CSSH Co-Editor Geneviève Zubrzycki (CSSH 58-1, 2016, “Nationalism, ‘Philosemitism,’ and Symbolic Boundary-Making in Contemporary Poland”) has a new book, Beheading the Saint: Nationalism, Religion, and Secularism in Quebec (University of Chicago Press, 2016). Here is an overview of the book from the UCP website:
Through much of its existence, Québec’s neighbors called it the “priest-ridden province.” Today, however, Québec society is staunchly secular, with a modern welfare state built on lay provision of social services—a transformation rooted in the “Quiet Revolution” of the 1960s. In Beheading the Saint, Geneviève Zubrzycki studies that transformation through a close investigation of the annual Feast of St. John the Baptist of June 24. The celebrations of that national holiday, she shows, provided a venue for a public contesting of the dominant ethno-Catholic conception of French Canadian identity and, via the violent rejection of Catholic symbols, the articulation of a new, secular Québécois identity.
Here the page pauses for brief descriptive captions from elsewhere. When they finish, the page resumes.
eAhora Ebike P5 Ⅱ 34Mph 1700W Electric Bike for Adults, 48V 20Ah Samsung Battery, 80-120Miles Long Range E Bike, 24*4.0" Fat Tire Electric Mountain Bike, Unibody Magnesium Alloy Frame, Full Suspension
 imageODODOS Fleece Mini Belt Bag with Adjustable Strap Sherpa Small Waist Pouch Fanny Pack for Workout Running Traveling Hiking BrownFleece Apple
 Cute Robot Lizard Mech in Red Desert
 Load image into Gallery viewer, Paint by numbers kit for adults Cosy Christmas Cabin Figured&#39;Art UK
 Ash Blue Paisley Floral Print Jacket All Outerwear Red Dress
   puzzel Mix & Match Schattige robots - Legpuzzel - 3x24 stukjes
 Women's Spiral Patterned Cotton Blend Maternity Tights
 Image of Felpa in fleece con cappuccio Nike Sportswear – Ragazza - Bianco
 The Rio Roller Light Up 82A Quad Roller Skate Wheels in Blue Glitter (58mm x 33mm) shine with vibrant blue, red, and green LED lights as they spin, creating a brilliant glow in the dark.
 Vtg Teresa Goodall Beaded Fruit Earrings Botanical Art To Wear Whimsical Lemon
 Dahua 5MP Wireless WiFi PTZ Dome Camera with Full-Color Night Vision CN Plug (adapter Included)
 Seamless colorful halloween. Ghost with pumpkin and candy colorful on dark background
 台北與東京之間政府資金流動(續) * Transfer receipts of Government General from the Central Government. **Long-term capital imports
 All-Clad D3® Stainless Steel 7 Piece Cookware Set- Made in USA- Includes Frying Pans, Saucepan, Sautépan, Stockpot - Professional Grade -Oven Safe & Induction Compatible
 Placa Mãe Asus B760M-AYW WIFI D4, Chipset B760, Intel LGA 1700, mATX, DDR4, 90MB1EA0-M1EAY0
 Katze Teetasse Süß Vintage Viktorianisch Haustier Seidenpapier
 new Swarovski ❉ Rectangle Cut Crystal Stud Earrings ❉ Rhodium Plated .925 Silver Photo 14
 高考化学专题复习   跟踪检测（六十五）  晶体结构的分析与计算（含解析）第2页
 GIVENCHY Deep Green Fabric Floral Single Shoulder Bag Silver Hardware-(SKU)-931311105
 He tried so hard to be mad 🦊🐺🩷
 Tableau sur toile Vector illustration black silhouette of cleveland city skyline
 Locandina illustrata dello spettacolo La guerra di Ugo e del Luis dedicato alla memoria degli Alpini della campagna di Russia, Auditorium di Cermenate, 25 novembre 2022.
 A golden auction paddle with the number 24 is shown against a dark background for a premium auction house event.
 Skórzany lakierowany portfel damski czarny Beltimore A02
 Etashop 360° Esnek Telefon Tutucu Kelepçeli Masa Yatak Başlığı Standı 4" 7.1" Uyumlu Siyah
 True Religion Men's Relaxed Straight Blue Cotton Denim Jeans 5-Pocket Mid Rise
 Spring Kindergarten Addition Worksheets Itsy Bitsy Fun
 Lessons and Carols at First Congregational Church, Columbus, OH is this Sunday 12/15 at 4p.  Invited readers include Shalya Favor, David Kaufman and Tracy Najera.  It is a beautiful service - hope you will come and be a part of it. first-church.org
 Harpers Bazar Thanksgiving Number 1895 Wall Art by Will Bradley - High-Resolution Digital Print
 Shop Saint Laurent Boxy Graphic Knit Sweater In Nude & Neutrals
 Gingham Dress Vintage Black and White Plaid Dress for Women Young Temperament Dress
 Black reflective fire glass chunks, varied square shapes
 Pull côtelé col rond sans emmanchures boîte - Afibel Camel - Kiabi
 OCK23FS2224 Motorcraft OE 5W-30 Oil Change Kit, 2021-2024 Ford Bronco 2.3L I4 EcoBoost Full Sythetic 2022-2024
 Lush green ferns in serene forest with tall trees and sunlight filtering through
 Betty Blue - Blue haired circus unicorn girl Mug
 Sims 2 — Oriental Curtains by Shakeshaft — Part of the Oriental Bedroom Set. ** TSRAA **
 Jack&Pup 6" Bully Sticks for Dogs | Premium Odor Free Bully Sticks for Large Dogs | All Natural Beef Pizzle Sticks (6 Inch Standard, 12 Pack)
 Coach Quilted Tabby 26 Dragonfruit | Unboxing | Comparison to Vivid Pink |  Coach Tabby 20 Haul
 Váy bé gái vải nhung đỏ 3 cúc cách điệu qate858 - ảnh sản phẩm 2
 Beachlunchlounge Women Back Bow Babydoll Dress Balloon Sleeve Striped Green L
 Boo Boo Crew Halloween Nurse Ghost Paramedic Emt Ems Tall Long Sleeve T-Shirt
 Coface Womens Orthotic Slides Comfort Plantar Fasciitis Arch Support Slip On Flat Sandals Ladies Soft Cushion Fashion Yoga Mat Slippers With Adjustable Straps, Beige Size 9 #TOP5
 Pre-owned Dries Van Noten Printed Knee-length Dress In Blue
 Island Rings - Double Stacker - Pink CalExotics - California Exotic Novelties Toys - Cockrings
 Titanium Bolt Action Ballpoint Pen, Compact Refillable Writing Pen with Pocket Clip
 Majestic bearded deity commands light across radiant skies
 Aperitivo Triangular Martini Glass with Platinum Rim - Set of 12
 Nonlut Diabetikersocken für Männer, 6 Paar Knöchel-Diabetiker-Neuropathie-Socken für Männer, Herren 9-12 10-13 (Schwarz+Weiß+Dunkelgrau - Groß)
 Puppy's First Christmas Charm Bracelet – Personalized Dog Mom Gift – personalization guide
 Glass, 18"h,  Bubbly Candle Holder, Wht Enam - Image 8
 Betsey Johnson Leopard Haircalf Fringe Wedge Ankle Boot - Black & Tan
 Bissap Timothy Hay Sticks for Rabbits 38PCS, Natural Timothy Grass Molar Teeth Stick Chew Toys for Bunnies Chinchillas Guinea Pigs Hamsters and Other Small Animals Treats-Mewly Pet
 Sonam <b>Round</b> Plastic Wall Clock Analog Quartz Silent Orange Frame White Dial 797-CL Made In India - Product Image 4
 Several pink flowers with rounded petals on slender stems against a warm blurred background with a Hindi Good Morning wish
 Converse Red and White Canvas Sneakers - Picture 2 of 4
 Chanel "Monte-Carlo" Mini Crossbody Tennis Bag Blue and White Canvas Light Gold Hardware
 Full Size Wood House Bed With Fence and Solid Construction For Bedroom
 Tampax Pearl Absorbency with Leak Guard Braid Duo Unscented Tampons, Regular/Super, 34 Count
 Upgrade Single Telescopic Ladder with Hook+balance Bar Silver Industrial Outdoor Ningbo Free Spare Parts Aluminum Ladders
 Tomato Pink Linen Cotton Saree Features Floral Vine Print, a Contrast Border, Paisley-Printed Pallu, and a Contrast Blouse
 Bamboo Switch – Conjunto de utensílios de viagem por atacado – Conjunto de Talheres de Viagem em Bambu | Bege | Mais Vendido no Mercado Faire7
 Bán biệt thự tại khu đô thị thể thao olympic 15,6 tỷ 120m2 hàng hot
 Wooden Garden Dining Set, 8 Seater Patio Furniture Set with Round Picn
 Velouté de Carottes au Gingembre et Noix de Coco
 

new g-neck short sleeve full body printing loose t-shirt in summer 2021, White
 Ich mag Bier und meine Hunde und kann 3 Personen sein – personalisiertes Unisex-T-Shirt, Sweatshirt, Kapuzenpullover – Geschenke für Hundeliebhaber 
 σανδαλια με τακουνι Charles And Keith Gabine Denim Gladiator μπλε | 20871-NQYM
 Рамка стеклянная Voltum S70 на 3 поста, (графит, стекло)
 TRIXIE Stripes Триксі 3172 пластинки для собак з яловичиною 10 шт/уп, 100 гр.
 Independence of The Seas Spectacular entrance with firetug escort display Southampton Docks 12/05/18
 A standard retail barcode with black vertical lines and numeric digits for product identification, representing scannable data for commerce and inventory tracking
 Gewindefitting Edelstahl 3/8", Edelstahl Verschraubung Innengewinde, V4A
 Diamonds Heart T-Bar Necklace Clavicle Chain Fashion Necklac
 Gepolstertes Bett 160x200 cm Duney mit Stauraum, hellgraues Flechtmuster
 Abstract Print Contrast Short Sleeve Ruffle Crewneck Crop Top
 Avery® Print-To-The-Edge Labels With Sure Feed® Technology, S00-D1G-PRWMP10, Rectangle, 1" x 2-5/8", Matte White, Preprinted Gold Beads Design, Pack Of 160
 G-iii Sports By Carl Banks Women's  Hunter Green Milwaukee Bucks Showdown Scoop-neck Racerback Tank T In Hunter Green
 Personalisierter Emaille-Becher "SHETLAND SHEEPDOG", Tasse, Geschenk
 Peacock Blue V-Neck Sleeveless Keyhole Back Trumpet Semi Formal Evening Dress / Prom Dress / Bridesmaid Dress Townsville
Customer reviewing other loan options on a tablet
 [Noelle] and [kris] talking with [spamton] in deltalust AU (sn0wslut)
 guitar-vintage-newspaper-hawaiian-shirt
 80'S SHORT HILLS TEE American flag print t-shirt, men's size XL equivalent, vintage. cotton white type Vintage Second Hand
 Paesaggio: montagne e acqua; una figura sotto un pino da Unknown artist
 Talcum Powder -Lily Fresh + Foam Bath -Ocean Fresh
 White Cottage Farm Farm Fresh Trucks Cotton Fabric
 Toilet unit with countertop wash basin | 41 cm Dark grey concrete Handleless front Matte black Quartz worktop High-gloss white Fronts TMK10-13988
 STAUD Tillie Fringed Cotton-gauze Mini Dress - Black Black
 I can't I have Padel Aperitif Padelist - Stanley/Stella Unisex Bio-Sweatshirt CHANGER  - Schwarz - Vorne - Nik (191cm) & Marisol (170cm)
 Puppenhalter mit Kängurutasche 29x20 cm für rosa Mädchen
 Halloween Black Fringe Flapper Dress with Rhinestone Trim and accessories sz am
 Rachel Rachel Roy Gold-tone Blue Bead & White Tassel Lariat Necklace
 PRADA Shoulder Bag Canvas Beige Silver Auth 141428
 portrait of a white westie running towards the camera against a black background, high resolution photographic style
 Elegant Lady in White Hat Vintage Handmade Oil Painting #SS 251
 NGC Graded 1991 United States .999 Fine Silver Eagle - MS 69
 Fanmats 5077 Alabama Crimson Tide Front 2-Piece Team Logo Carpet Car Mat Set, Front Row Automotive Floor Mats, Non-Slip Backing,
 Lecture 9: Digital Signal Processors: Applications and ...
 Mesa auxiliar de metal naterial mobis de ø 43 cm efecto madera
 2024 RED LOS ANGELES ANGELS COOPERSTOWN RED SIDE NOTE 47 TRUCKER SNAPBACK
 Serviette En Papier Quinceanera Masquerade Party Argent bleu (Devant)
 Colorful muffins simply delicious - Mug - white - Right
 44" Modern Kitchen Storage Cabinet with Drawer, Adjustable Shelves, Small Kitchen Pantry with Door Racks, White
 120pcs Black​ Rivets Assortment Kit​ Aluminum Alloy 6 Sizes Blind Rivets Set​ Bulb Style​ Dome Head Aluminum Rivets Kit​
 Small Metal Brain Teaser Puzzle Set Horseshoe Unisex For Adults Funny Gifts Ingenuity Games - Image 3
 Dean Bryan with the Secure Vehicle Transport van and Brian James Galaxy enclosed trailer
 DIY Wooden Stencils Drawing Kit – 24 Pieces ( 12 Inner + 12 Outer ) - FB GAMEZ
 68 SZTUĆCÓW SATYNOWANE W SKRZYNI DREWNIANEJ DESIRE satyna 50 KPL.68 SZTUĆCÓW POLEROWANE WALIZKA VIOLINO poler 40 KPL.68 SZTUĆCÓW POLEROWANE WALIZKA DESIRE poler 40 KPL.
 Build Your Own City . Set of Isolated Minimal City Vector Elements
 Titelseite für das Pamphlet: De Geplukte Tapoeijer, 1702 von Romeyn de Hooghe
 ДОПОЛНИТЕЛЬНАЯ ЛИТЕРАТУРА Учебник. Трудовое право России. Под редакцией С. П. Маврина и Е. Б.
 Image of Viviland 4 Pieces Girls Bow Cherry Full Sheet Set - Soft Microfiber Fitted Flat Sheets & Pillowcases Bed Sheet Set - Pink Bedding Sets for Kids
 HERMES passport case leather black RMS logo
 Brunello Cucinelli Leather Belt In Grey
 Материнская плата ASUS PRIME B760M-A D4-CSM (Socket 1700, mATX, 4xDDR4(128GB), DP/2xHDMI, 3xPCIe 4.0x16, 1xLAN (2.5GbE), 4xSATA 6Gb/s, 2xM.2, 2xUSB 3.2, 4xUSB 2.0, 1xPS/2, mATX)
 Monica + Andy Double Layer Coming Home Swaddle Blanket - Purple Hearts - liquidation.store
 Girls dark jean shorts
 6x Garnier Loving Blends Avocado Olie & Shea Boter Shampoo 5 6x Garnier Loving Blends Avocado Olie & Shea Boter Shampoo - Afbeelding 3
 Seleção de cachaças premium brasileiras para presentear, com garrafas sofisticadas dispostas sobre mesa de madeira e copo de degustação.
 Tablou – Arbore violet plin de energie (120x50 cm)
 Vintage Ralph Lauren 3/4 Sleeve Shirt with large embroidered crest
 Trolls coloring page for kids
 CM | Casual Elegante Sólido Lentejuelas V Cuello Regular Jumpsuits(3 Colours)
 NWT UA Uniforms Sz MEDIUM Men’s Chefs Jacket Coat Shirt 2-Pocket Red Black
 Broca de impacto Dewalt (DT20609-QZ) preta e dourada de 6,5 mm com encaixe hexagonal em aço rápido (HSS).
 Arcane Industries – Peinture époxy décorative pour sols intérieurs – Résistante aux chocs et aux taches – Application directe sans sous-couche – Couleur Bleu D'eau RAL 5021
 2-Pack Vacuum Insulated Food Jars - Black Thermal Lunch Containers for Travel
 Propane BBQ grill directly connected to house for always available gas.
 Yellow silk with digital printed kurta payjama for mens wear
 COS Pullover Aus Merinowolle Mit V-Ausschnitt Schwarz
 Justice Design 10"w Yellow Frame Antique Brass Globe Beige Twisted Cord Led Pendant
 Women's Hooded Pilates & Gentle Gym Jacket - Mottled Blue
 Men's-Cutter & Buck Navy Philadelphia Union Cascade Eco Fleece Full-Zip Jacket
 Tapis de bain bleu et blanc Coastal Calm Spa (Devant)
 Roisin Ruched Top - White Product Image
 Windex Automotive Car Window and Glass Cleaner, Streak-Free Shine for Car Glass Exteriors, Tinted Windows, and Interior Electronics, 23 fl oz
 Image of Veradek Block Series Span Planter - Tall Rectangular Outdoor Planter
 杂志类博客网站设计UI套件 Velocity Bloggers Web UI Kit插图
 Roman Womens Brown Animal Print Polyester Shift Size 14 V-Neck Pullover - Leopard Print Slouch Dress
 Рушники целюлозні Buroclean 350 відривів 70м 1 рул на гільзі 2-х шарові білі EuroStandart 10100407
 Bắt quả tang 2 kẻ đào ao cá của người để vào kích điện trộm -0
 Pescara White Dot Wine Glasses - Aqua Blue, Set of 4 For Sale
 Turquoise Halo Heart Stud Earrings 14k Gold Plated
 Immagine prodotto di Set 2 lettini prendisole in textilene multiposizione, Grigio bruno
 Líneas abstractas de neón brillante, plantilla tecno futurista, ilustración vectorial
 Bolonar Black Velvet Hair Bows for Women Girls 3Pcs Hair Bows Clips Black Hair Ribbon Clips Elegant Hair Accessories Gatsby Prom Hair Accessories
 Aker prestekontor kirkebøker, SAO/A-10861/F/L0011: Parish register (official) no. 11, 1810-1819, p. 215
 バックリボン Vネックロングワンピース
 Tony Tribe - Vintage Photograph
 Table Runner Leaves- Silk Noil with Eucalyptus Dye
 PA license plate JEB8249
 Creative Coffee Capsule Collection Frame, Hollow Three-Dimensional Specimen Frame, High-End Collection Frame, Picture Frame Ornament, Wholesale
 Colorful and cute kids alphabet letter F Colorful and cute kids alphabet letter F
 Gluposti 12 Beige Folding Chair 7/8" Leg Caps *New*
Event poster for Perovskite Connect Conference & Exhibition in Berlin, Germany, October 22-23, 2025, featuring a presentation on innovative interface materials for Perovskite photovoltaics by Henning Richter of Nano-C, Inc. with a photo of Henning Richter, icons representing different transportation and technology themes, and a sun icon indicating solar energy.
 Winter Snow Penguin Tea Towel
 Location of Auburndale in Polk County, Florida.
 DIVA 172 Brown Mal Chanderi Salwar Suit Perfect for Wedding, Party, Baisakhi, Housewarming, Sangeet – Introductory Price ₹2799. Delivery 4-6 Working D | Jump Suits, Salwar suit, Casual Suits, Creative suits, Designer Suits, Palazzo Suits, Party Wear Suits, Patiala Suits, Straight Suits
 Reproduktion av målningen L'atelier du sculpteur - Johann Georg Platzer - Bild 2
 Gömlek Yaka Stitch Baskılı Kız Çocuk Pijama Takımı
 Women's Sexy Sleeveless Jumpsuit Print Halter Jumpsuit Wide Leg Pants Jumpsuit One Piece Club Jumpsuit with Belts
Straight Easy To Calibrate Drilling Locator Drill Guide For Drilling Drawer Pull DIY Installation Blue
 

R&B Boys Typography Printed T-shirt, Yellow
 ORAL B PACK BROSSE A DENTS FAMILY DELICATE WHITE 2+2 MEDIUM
From there, Zubrzycki extends her analysis to the present, looking at the role of Québécois identity in recent debates over immigration, the place of religious symbols in the public sphere, and the politics of cultural heritage—issues that also offer insight on similar debates elsewhere in the world.
Rebecca Gould (CSSH 57-1, 2015, “Ijtihād against Madhhab: Legal Hybridity and the Meanings of Modernity in Early Modern Daghestan“) has a new book: Writers & Rebels: The Literature of Insurgency in the Caucasus (Yale University Press, 2016). Here is a press overview:
Spanning the period between the end of the Russo-Caucasian War and the death of the first female Chechen suicide bomber, this groundbreaking book is the first to compare Georgian, Chechen, and Daghestani depictions of anticolonial insurgency. Rebecca Gould draws from previously untapped archival sources as well as from prose, poetry, and oral narratives to assess the impact of Tsarist and Soviet rule in the Islamic Caucasus. Examining literary representations of social banditry to tell the story of Russian colonialism from the vantage point of its subjects, among numerous other themes, Gould argues that the literatures of anticolonial insurgency constitute a veritable resistance—or “transgressive sanctity”—to colonialism.